YOUR OBJECTIVE:
The records below hold pictures; please leave those out and retype the rest exactly.

DATA FOR REVIEW:
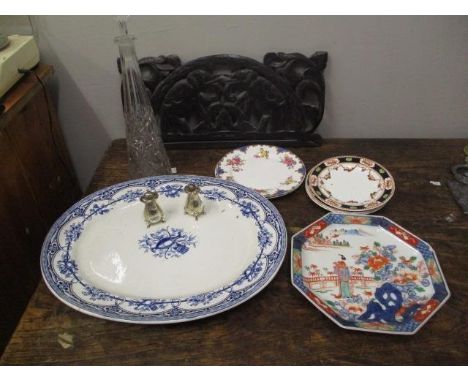 A mixed lot to include a pair of silver pepper pots, a glass decanter, various plates and a carved wooden panel 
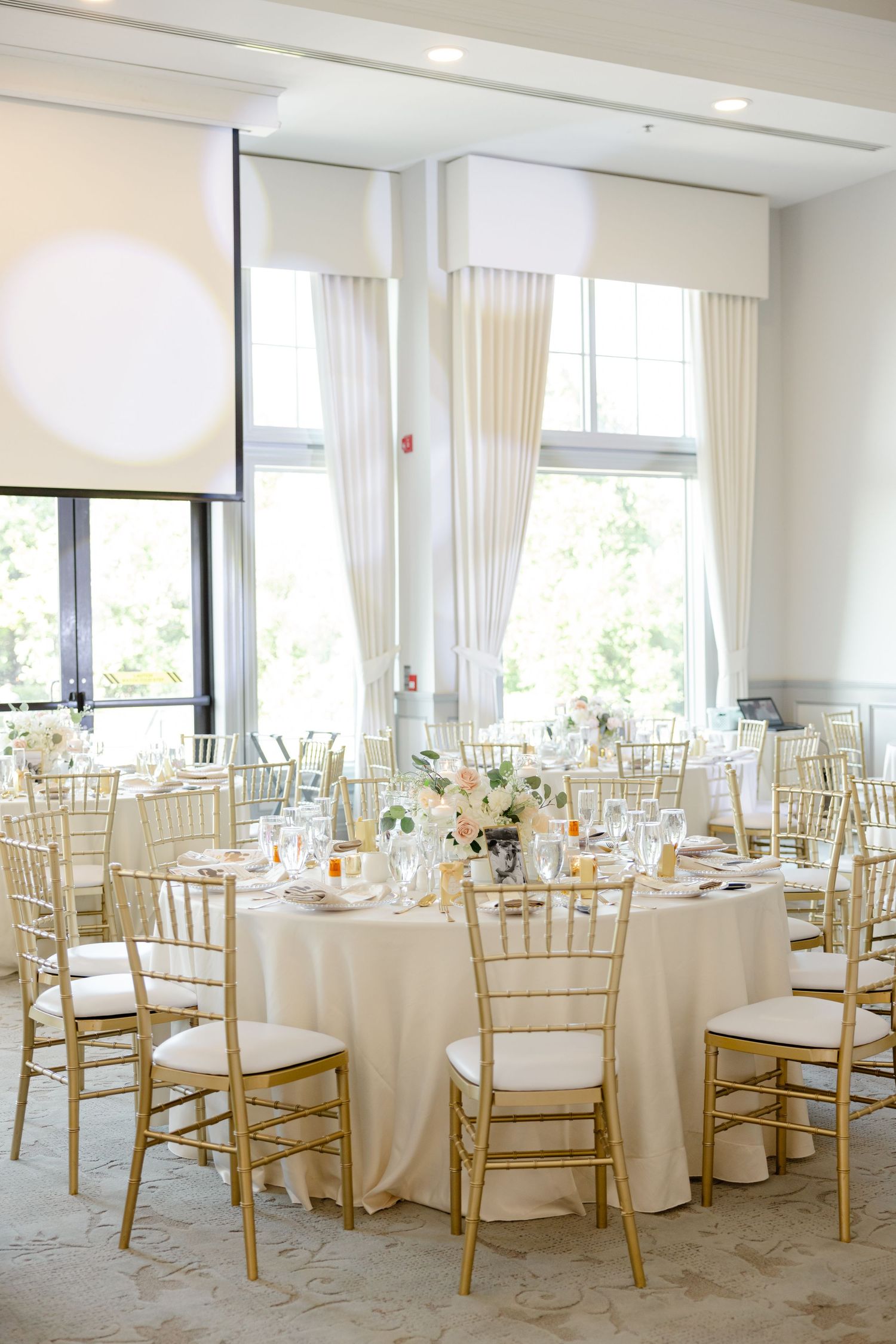Light-filled wedding reception venue with round tables, gold chiavari chairs, and ivory linens.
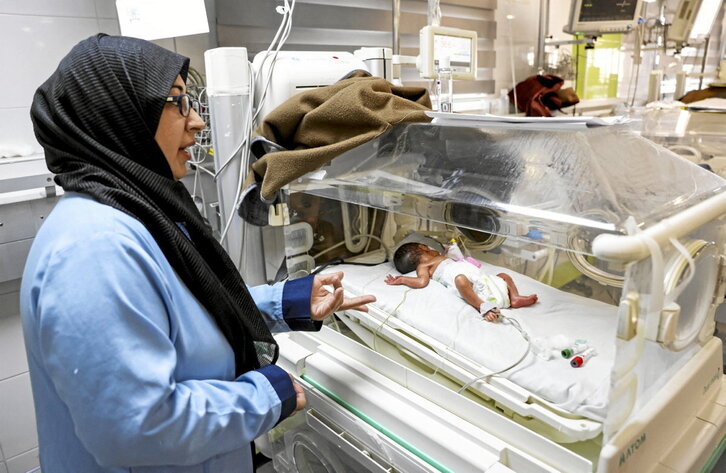 Una trabajadora sanitaria observa un bebé prematuro en el hospital Nasser de Gaza.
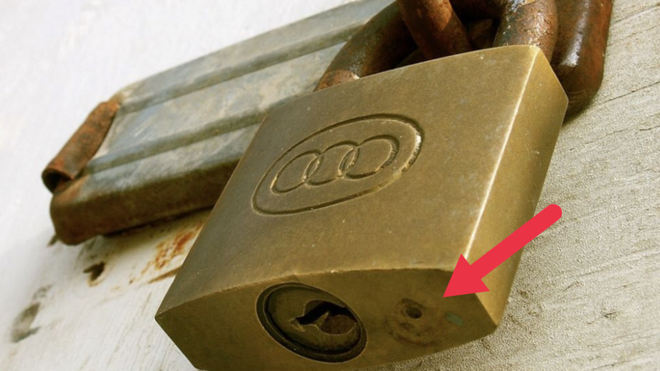 What’s the Purpose of the Small Circular Hole in a Padlock?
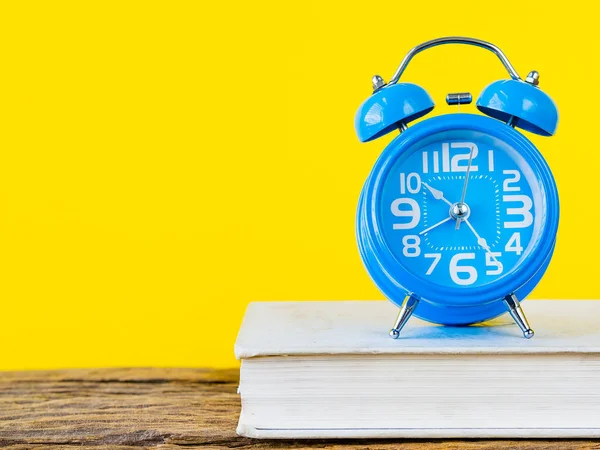 Çalar saat ve ahşap ve Sarı zemin üzerine beyaz kitap gibi ofis aksesuarları. Eğitim ve iş kavramı.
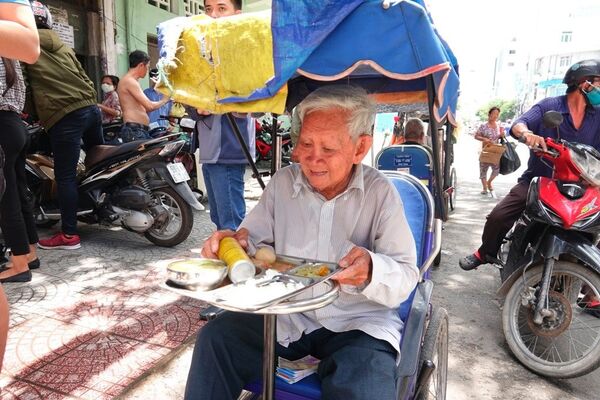Một người khuyết tật bán vé số đến nhận cơm - Sputnik Việt Nam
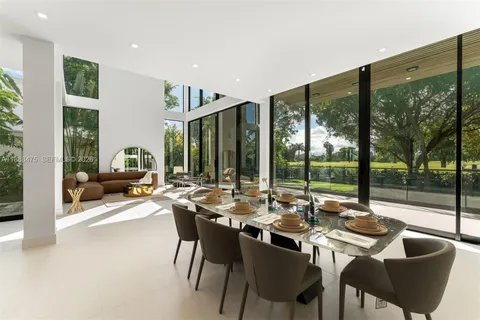 a view of a patio with couches table and chairs and floor to ceiling window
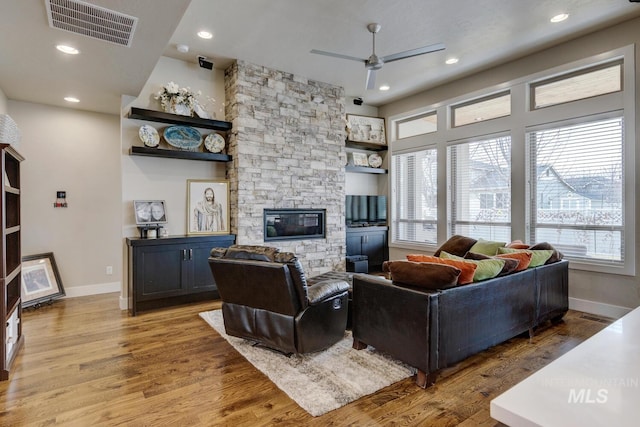 living room with a wealth of natural light, visible vents, a stone fireplace, and wood finished floors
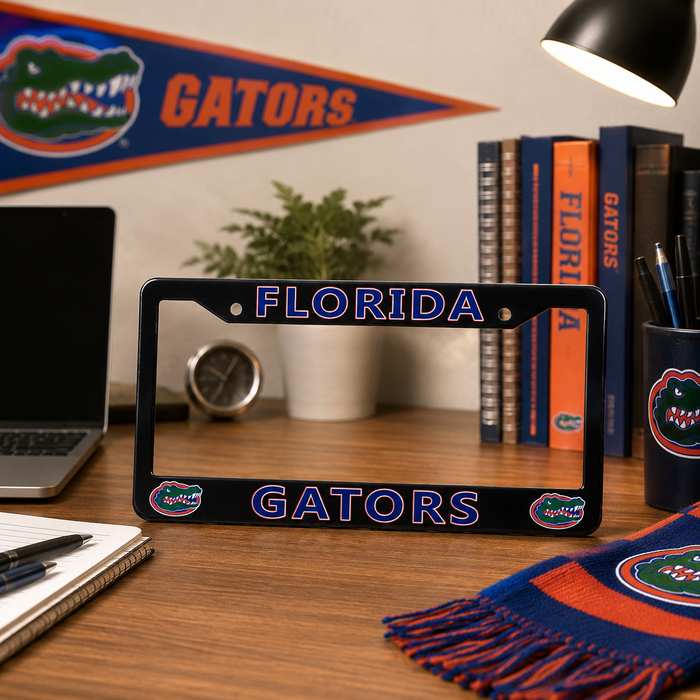 A black Florida Gators license plate frame displayed on a wooden desk, surrounded by themed Florida Gators decor including a banner, scarf, and books.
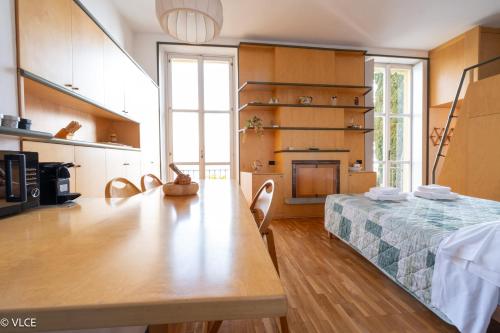 a living room with a table and a fireplace at La Casa di Anna in Varenna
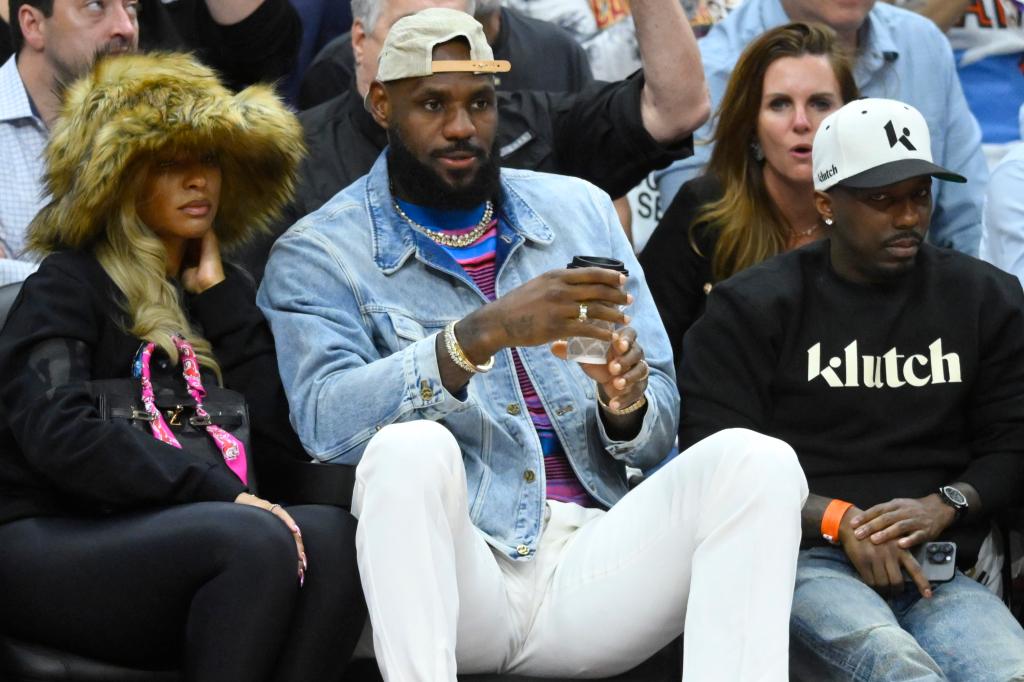LeBron James (c.) with wife Savannah (l.) and agent Rich paul (r.) sit courtside at the Cavaliers-Celtics playoff game in Cleveland Monday night.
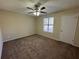 Well-lit bedroom with ceiling fan and window at 5391 Walker Rd, Stone Mountain, GA 30088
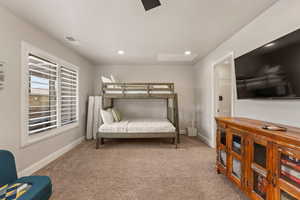 This can be a 4th Bedroom featuring light carpet, a ceiling fan, and recessed lighting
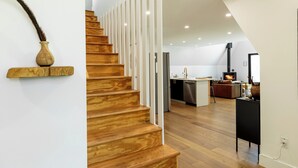 A modern interior with a wooden staircase, a kitchen area, and a fireplace. - Ridgeview A-Frame: Stylish Kerhonkson Escape (Kerhonkson)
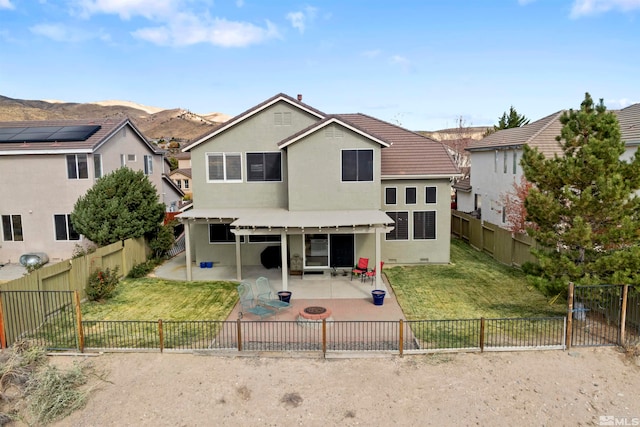 back of property with a patio, a mountain view, and a yard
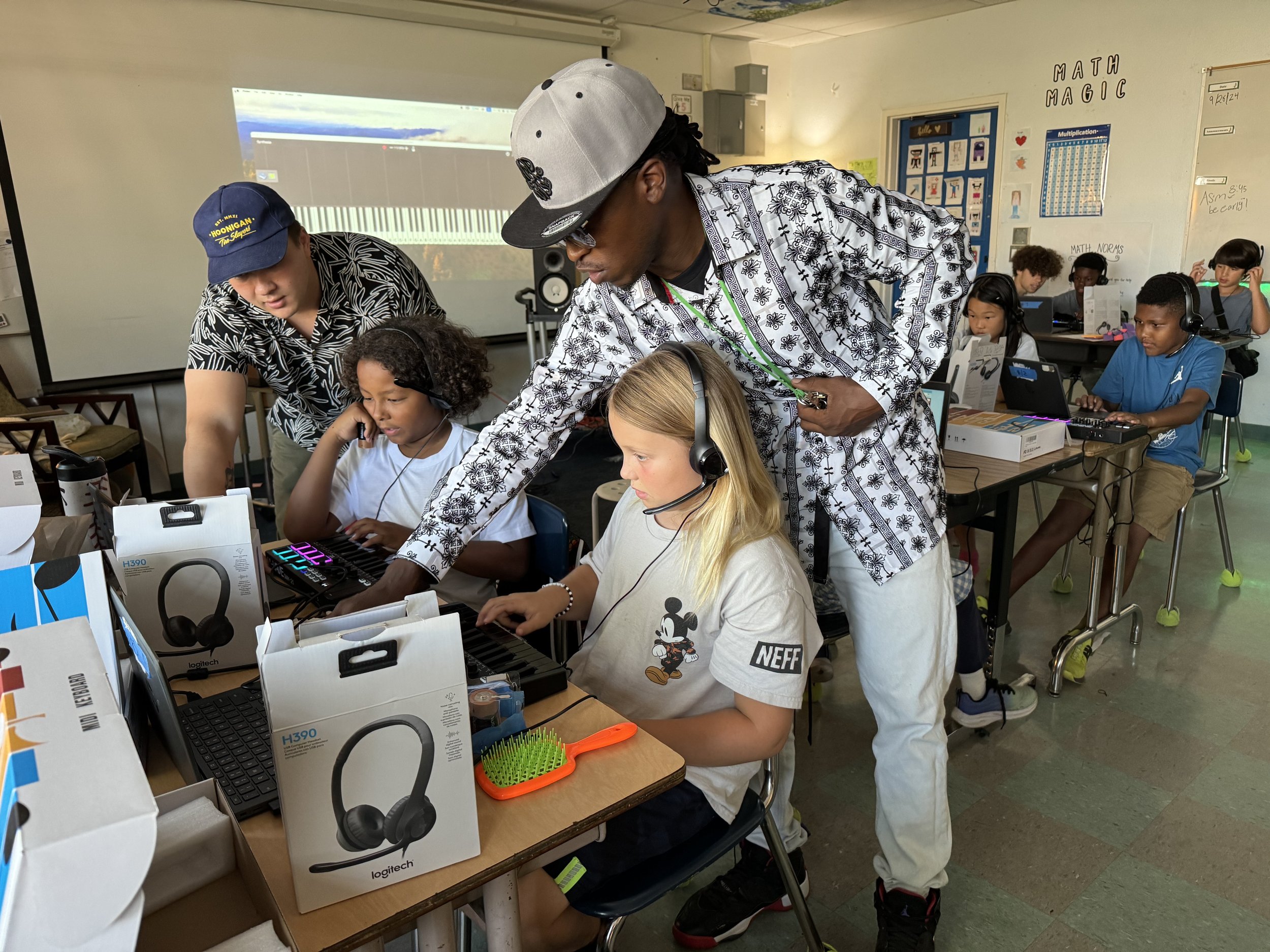 Kids in a classroom working on laptops and electronic music equipment, with teachers assisting, surrounded by educational posters and a whiteboard.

OUTPUT BELOW:
 A mixed lot to include a pair of silver pepper pots, a glass decanter, various plates and a carved wooden panel 
Light-filled wedding reception venue with round tables, gold chiavari chairs, and ivory linens.
 Una trabajadora sanitaria observa un bebé prematuro en el hospital Nasser de Gaza.
 What’s the Purpose of the Small Circular Hole in a Padlock?
 Çalar saat ve ahşap ve Sarı zemin üzerine beyaz kitap gibi ofis aksesuarları. Eğitim ve iş kavramı.
Một người khuyết tật bán vé số đến nhận cơm - Sputnik Việt Nam
 a view of a patio with couches table and chairs and floor to ceiling window
 living room with a wealth of natural light, visible vents, a stone fireplace, and wood finished floors
 A black Florida Gators license plate frame displayed on a wooden desk, surrounded by themed Florida Gators decor including a banner, scarf, and books.
 a living room with a table and a fireplace at La Casa di Anna in Varenna
LeBron James (c.) with wife Savannah (l.) and agent Rich paul (r.) sit courtside at the Cavaliers-Celtics playoff game in Cleveland Monday night.
 Well-lit bedroom with ceiling fan and window at 5391 Walker Rd, Stone Mountain, GA 30088
 This can be a 4th Bedroom featuring light carpet, a ceiling fan, and recessed lighting
 A modern interior with a wooden staircase, a kitchen area, and a fireplace. - Ridgeview A-Frame: Stylish Kerhonkson Escape (Kerhonkson)
 back of property with a patio, a mountain view, and a yard
 Kids in a classroom working on laptops and electronic music equipment, with teachers assisting, surrounded by educational posters and a whiteboard.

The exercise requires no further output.